[Solved] Python 3.5 vs Python 3.6 Performance Difference

Hello all,
I’ve designed a CNN-based network in PyTorch with no issue. I’d been running my experiments on Windows 10 and Python 3.6 with no issue. Recently I transferred the same code to Python 3.5 running on Ubuntu 16.04 and found (to my surprise) that I was getting up to a 20% increase in classification accuracy on Ubuntu compared to Windows.

Following the training process, it is clear that the network seems to be training better (i.e lower validation loss after each epoch) as compared to Windows. To determine whether it was a Windows or Ubuntu issue, I created an Anaconda environment with Python 3.5 installed and ran the same code and found that I was getting about the same massive improvement in this 3.5 environment as well.

Can anyone please explain why this might be happening? I’ve checked the code many times and it certainly doesn’t rely on anything Python 3.5-specific but yet…

I’m using PyTorch 0.4.1 (CPU Only).

Thanks in advance!

I assume, you were running exact same code.
Here is a wild guess. Can it be due to the random initialisation of the parameters?
Did you set the same seed while training in python 3.5, 3.6?

Hello @InnovArul,
Yeah I was. Literally copied and pasted.
Err, I don’t know. I don’t think I’ve ever set the seed when training. I assume by default that PyTorch does that for me…
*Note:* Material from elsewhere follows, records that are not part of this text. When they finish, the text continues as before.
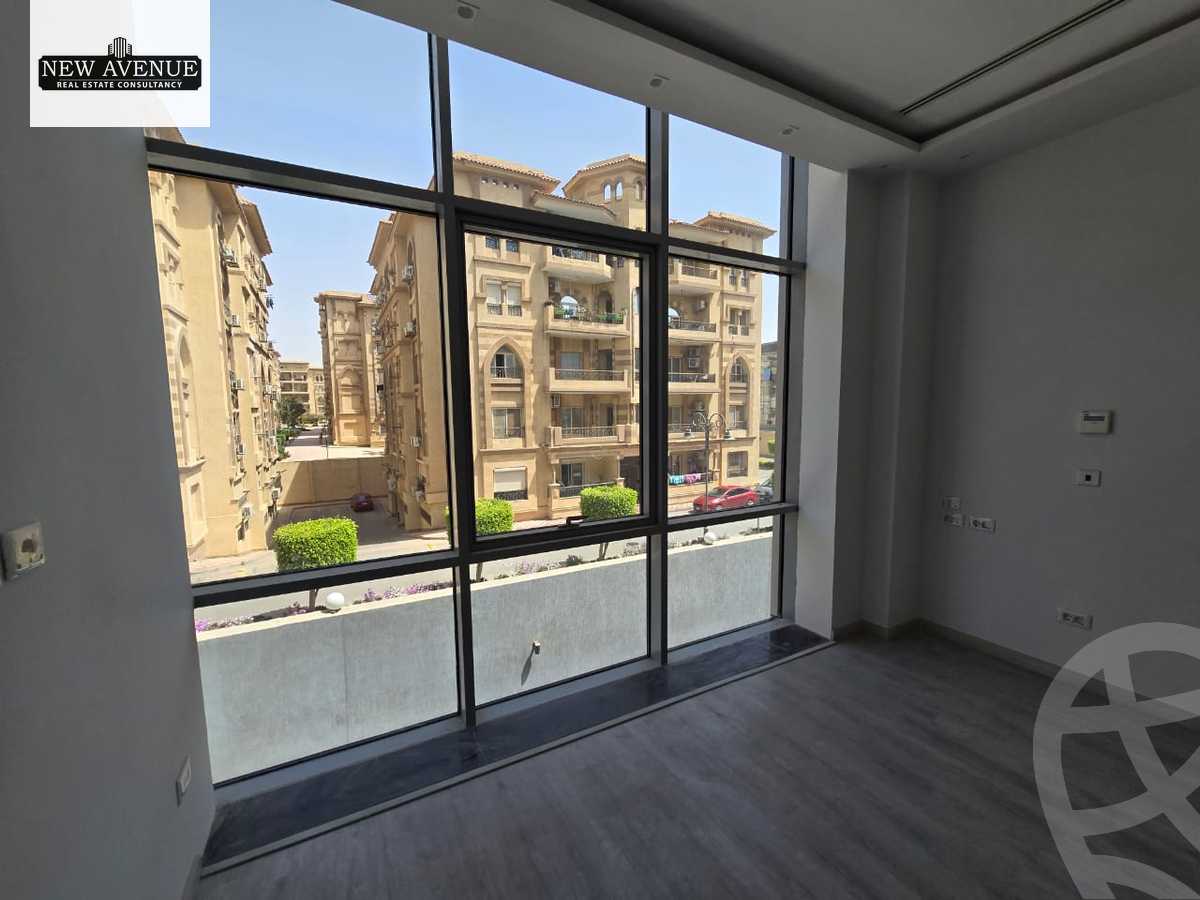 https://aqarmap.com.eg/en/listing/6225850-for-rent-cairo-new-cairo-compounds-leven-square-mall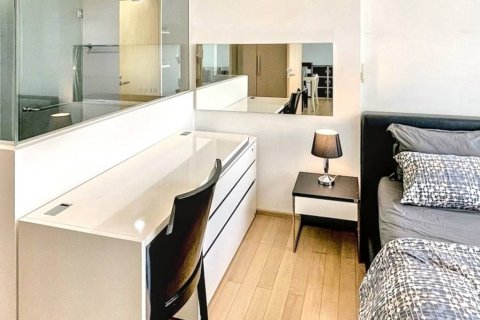 Кондоминиум с 1 спальней в Пхракханонге, Бангкок, Таиланд № 119029 - фото 5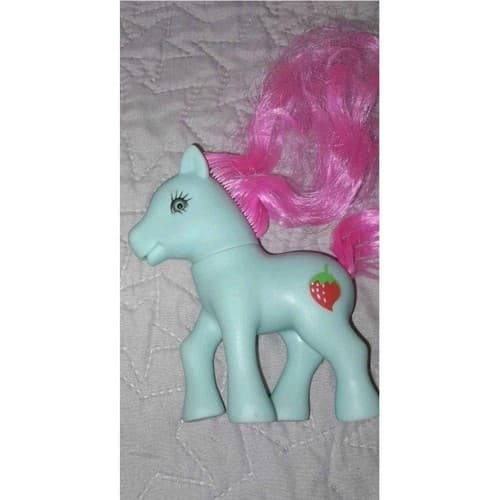 My Little Pony G3 Strawberry Swirl & Scootin Along Pink Vespa Scooter '04 Hasbro - Thumbnail 14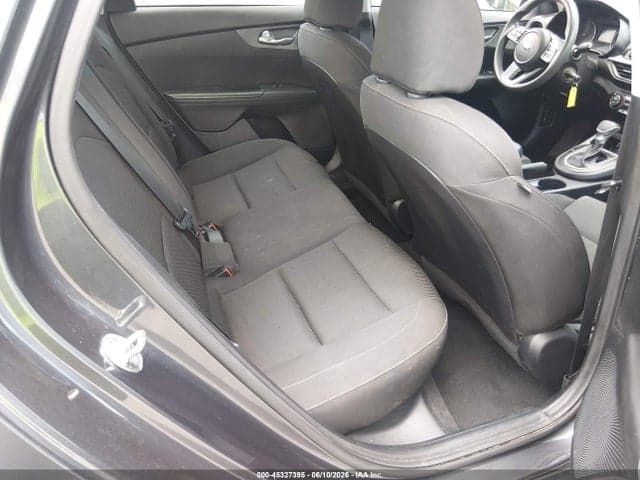 2019 KIA FORTE LXS 8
Could you try to set the random seed in both solutions and run them again?
You can find more info here.

Would it be possible to get an executable script to reproduce this issue?

Hello @ptrblck,
Setting the same seed in both environments doesn’t seem to have any effect. Python 3.5 still outperforms 3.6 by a very large margin.
That’d be quite difficult to be honest - but I can provide any details of the code/model as required …

Hello @ptrblck,
Sorry - I know its been a long while, but I recently got permission to share the code. Can I still share the executable script complete with pickled train and test data?

Sure! This issue is still quite interesting.

Hello @ptrblck,
Apologies for the late response. I was trying to put code together to replicate the issue, and it seems the mystery is finally resolved.
Apparently the issue was coming from my own code - I’d written a custom Dataset class which relied heavily on dicts. The behavior of dicts between Python 3.5 and 3.6 changed drastically, which inadvertently caused some of my training data to bleed into my testing data on Python 3.5, while this wasn’t happening on Python 3.6. Therefore the performance gain reported was completely spurious and I can confirm now that the results can now be replicated across Python releases.
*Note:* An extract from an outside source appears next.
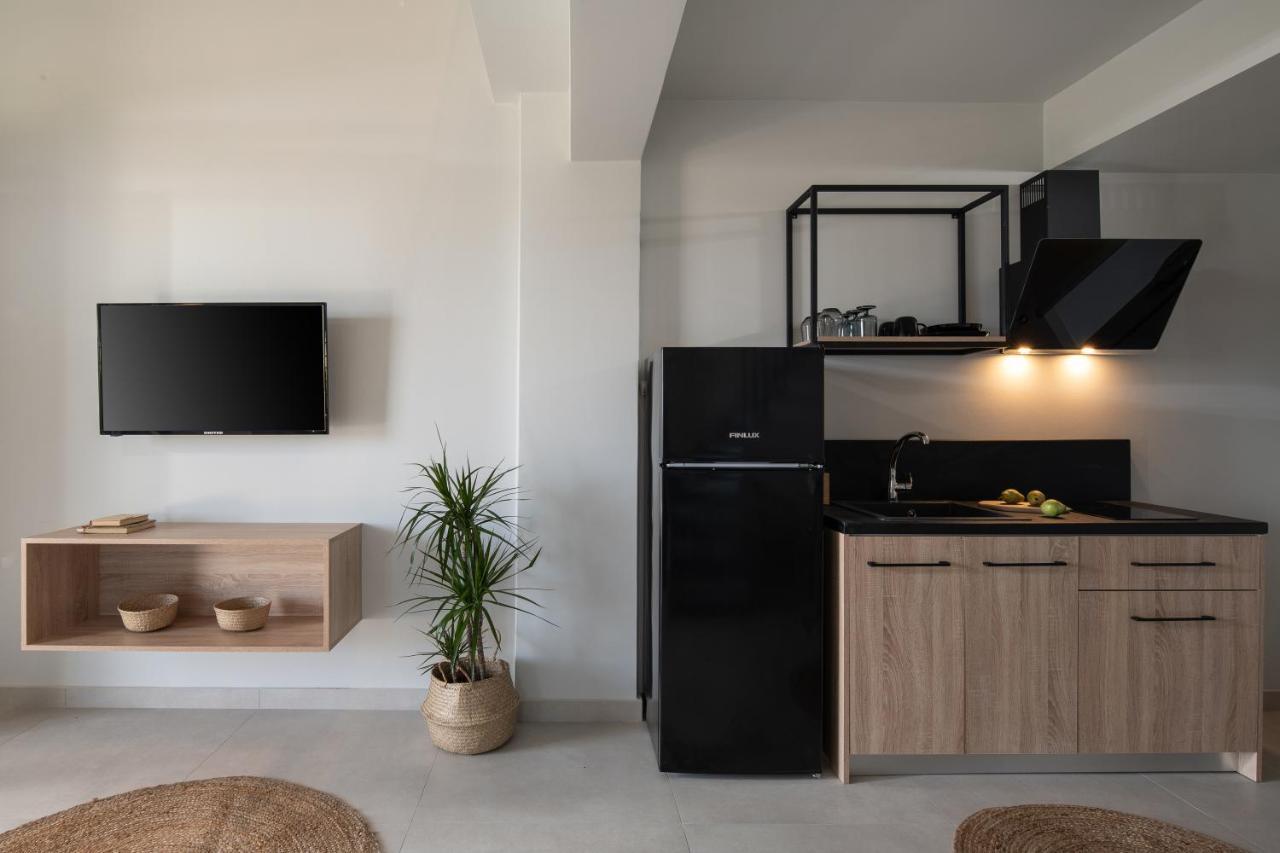 Melian Suites Никити Екстериор снимка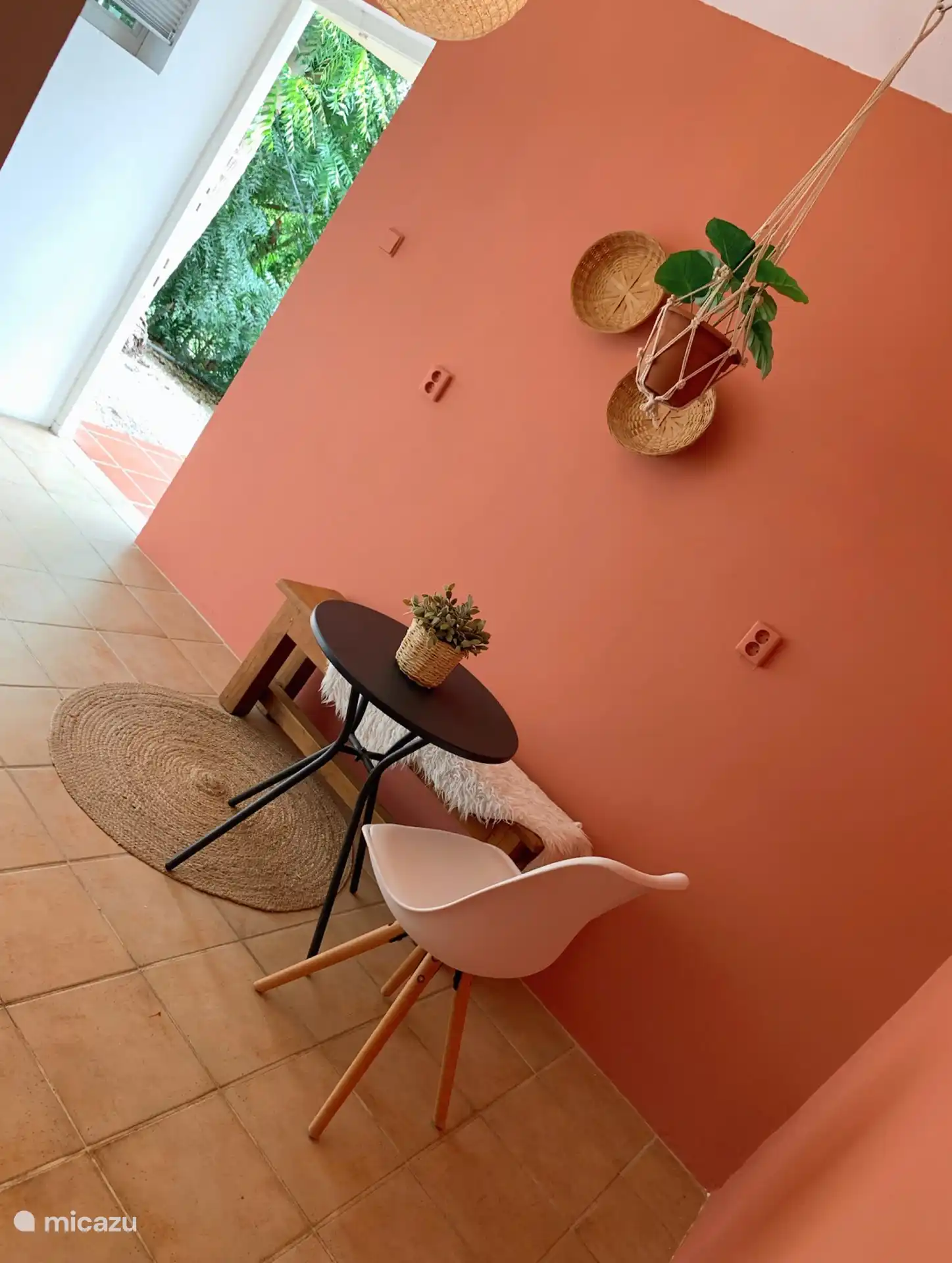 Das Wohnzimmer der Wohnung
Really sorry for wasting your time with this. Thank you very much for your input. I appreciate it alot.

Ps: I will change the title of this thread to reflect this turn of events

1 Like

I’m glad it’s solved! :slight_smile:
Just out of personal interest, which dict operations created the data leak?


Well, I was using a for … in loop. Apparently, in Python 3.5, the order in which items are returned is not the same as the order in which they were inserted. From 3.6 onward, the retrieval order is the same as the insertion order…a trivial change really, but I’d assumed ordered behavior right from the start. Turns out I was wrong.
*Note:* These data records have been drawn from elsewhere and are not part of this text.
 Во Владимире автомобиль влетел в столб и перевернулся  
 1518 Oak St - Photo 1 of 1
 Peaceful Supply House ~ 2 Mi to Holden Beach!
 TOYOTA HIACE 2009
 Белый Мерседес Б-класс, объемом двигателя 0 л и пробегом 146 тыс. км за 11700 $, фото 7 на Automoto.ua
Thanks for the explanation!
Oh right. As far as I know a Python dict in <=3.5 was implemented using a hash function.
In 3.7 the ordering seems to be a mandatory.
However, if you don’t want to rely on the version, you could also use an OrderedDict.

@ptrblck Its my pleasure. Least I can do after making such a fuss :slight_smile:

Yeah, I later found that out. Currently experimenting with some alternatives and its…in the list. No pun intended…

Thanks for the tip!

1 Like